# American Psycho: The Internet Icarus



## Abishai100 (Nov 30, 2015)

An American stockbroker named Stuart, a graduate of Dartmouth College, was working in Manhattan and generally enjoying his successful life.  One night he met a woman in a NYC nightclub and asked her, "Why is your hair dyed partially red?" to which she replied, "I want men to think that blood is on my brain."  When he asked her why, she told him that she was morbidly frustrated with male behaviors (i.e., fraternity rapes, suburban adultery, etc.).

Stuart thought this woman was strange but what he told her started to affect him.  He began reading the social sarcasm novel "American Psycho" (Bret Easton Ellis) and decided that NYC was a sewer of pedestrian corruption.  Stuart remembered his childhood --- his estranged parents, his drug-abusing older sister --- and something in him snapped.  He decided he would be some kind of anti-hero of the city.

Stuart started reading articles and editorials about Internet mail-order-brides who moved to the USA (mostly from Eastern Europe) seeking a convenient American marriage which would afford them beneficial residency permits/visas in cosmopolitan cities such as San Francisco and New York.  He also began investigating reports of men seeking to meet women and mail-order-brides on the Internet under false pretenses and committing shocking murders.  'What were these men trying to prove(?),' Stuart wondered.

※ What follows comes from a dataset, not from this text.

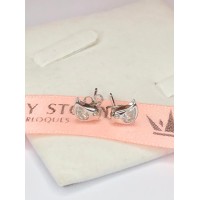 Brincos Love Pássaros zirconias Prata 925( par)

Stuart reasoned to himself that no one really cared about what was happening to these female victims who were otherwise harmlessly (and innocently) seeking male companionship on the Internet.  Stuart was a big fan of Batman (DC Comics) comic books, so he posited himself this question: "Should I become a vigilante or Jack the Ripper?"  Stuart told himself that if he became like Batman, he would put a stake in society's apathetic heart by pursuing these Internet stalking men.  He also told himself that he became a maniac like Scarecrow (a nemesis of Batman), he would shock people into forcing to deal with these new age Internet-related urban crimes.

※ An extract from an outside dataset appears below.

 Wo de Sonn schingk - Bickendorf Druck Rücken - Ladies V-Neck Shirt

Stuart decided to post himself on the Internet as a fake courtesan named John Grace, with an assumed employment record and social status.  He would arrange meetings with European and American women at major hotels and strangle them to death.  He then put on a sack-cloth mask and posted on the Internet, "My name is Scarecrow, and I intend to warn Americans of the new threat of Internet date-related crimes."  Stuart decided that as Scarecrow, he had become a modern AntiChrist, a real prophet, and he was satisfied.

Stuart went back to the nightclub where he met the woman with red hair dye who had inspired all of this in him in the first place.  Perhaps he would find her there, he thought, and he did.  He walked up to her (having now committed over a dozen murders) and bluntly told her, "I've been investigating Internet date-related crimes in major American cities --- you know, men meeting women for relationships or marriages (some of them mail-order-brides) and then killing them."  The woman smiled and asked her, "What did you learn?" to which Stuart replied, "I hope something like that never happens to someone like you."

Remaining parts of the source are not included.